A lichfiend is a fiend (usually a demon or devil) who achieves lichdom. Could be a balor, glabrezu, marilith, nalfeshnee, succubus, bone devil, horned devil, ice devil, or a pit fiend.
Lich's Blood (Dragon Magazine 238)
by Tom Baxa |
- The blood can coat a magic item and feed off of its energy.
- Lich's blood prefers to feast on spellcasters, sliding down their throat and draining their spells.
- Each round that the wizard is coated, they lose d4 memorized spells, starting with the highest level spells memorized.
- Immune to all weapon-based attacks!
- Spells cast at it are absorbed harmlessly.
- To kill it: Use acid, fire, or deprive it of magic.
- Dispel magic does d6 damage per level to it.
- Anti-Magic shell destroys it.
Lich claws are similar to crawling claws.
- They do necrotic damage and work together to immobilize foes.
- "Liches that want to humiliate and dominate their rivals seek out other liches to acquire pieces to make lich claws. Many lich claws occur spontaneously, due to the saturation of necrotic energy in the chambers of defeated liches."
Sometimes a lich has a familiar! The familiar's essence might also be in the lich's phylactery. Here's how it works:
- The familiar must drink from the potion of transformation.
- The familiar can't be destroyed until the phylactery is.
- If the familiar's body is destroyed, the lich must find a new body for it to inhabit.
- The lich cannot cast spells if its familiar does not have a physical body.
Husks of lesser liches drained of their essence to power the research of Irfelujhar, an ancient lich who once served Vecna but now serves Tiamat.
- "A frail, skeletal creature whose body disappears into wisps of shadow stands before you. It wears tattered robes sporting faded mystical symbols."
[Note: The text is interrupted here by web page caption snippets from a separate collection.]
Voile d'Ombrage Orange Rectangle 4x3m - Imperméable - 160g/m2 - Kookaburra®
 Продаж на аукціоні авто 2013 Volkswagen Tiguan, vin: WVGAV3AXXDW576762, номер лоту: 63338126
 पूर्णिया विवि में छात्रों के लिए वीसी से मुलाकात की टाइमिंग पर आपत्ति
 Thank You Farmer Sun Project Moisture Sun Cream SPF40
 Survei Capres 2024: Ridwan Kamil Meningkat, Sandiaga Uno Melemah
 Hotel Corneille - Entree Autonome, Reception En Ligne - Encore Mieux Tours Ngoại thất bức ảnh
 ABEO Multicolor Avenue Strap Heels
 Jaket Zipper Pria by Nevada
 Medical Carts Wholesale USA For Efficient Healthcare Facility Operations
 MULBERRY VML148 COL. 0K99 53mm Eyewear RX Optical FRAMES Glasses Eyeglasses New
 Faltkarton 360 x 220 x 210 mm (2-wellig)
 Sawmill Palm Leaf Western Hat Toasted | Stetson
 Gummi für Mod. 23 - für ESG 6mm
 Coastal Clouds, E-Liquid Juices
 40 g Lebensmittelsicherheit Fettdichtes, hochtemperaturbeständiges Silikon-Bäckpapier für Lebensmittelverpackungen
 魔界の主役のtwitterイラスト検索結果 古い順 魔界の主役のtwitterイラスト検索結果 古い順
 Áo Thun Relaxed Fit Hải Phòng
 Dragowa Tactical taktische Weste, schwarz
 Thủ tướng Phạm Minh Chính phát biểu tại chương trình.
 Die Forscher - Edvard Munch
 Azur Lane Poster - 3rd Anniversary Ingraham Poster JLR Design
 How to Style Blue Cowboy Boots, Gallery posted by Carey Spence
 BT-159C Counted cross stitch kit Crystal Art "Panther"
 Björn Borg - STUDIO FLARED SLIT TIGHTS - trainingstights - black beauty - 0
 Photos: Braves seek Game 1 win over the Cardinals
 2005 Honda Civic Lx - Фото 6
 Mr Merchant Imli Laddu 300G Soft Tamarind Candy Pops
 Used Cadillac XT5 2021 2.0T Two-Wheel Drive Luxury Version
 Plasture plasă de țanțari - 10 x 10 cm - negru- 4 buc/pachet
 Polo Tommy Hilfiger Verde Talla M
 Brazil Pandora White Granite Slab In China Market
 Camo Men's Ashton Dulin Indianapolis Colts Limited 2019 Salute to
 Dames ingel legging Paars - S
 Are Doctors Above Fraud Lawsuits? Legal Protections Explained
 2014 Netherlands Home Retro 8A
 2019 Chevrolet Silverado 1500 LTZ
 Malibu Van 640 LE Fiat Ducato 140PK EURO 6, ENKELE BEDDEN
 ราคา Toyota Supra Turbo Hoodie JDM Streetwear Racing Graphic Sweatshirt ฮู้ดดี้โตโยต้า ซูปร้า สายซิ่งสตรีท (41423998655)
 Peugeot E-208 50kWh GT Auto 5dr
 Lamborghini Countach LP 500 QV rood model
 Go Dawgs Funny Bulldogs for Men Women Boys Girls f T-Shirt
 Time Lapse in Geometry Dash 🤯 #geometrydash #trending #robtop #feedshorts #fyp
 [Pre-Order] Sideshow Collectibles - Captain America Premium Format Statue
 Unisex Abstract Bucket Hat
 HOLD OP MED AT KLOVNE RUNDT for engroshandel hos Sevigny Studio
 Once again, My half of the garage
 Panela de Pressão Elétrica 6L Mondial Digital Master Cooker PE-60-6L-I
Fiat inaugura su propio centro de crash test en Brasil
- Death's Touch: Necrotic damage
- Shadow Ray: Ranged necrotic attack
- Orb of Obliteration: 2-4 vestiges can act together to hurl a single orb of black fire that detonates on impact, doing both fire and necrotic damage.
by Tom Baxa |
- "At the apex of undead society." Commands all types of weaker undead.
- Made a pact with a dark power so that it is very difficult to slay.
- Two ways for it to Suffer True Death: A dark power shows up to collect the lich's spirit in payment. or the lich is dragged to a power's home plane.
- The master lich fears the dark powers.
- Regenerates one hit point per round, even if its body is destroyed and separated.
Users of psionic powers sometimes twist the powers of their minds to extend their existence beyond the bounds of mortal life. They often regret becoming liches.
- Creating a phylactery costs 100,000 gp. It might be a ring or crown.
- The phylactery must be empowered with every psionic power the creator possesses. These powers are permanently transferred - the creator loses them forever.
- Aura of Mind Strike: All within 50 yards have penalties to attack rolls and damage.
- If the phylactery is destroyed, so is the psionic lich.
by Steve Ellis |
- Made of negative energy, must possess a living creature's body. They burn out host bodies quickly and must switch to a new host often.
- They can cast up to 8th level spells.
- Fear Aura: Save or DIE from fright. Succeed = paralyzed!
- Malevolence: Possess a creature similar to a magic jar spell.
- A possessed body ages at three times the normal rate.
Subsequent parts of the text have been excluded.